By clearing the ballot, Obama had done more than just elbow his way into power without a real election-he had also erased any doubt of Daley's path to his next term.
There was nothing illegal in what Obama did in the primary. It was typical Chicago politics -- "If you can win, you should win."
And that is the point. Barack Obama promises to smooth over the bitter divides of American politics. He promises hope and an end to bitter partisanship. He frames himself as someone who rises above Clintonian or Rovian tactics. Contrast his promises today with what he did in 1996. He was not even a state senator yet, and he had already done enough to make Karl Rove, Bill Clinton, or Niccolo Machiavelli proud. He got his start in politics by denying voters a choice.
At no point does Freddoso note that two of Obama's 1996 primary opponents reportedly acknowledged that they had not complied with election laws.
On page xii, Freddoso describes the effects of what he called the "Obama phenomenon":
It can drive Obama's liberal supporters, normally opponents of unilateral military action, to support military strikes within the territory of an American ally without that nation's permission. They take this position because Obama apparently made a slip of the tongue in August of last year and advocated such incursions into Pakistan.6
The source Freddoso cited was an August 1, 2007, Reuters article on Obama's speech that day at the Woodrow Wilson Center in Washington, D.C., in which Obama said:
OBAMA: I understand that [Pakistani] President [Pervez] Musharraf has his own challenges. But let me make this clear. There are terrorists holed up in those mountains who murdered 3,000 Americans. They are plotting to strike again. It was a terrible mistake to fail to act when we had a chance to take out an al Qaeda leadership meeting in 2005. If we have actionable intelligence about high-value terrorist targets and President Musharraf won't act, we will.
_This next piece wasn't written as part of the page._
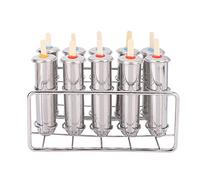 KENANLAN Kit di Stampi per Ghiaccioli in Acciaio Inossidabile, Set di Stampi per Ghiaccioli Durevoli per Gelato Fatto in Casa, con Kit per un Facile Utilizzo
But Obama's comments were not a "slip of the tongue"; they were included in his prepared remarks. Indeed, according to an August 1, 2007, entry to USA Today's On Politics blog (posted at 7:58 a.m. ET, hours before Obama delivered the speech), they were among the excerpts the Obama campaign emailed to reporters prior to the actual speech:
"I understand that President Musharraf (of Pakistan) has his own challenges. But let me make this clear. There are terrorists holed up in those mountains who murdered 3,000 Americans. They are plotting to strike again. It was a terrible mistake to fail to act when we had a chance to take out an al-Qaeda leadership meeting in 2005. If we have actionable intelligence about high-value terrorist targets and President Musharraf won't act, we will."
That's a passage from a speech that Democratic presidential candidate Sen. Barack Obama will deliver today in Washington. He will also use the address to propose sending "at least two additional brigades" of troops to Afghanistan to secure that nation and hunt for terrorits.
His campaign just e-mailed us some excerpts. Among the other things Obama plans to say:
The Reuters article Freddoso cited does not characterize Obama's remarks as a "slip of the tongue," nor does it suggest that they were in any way inadvertent.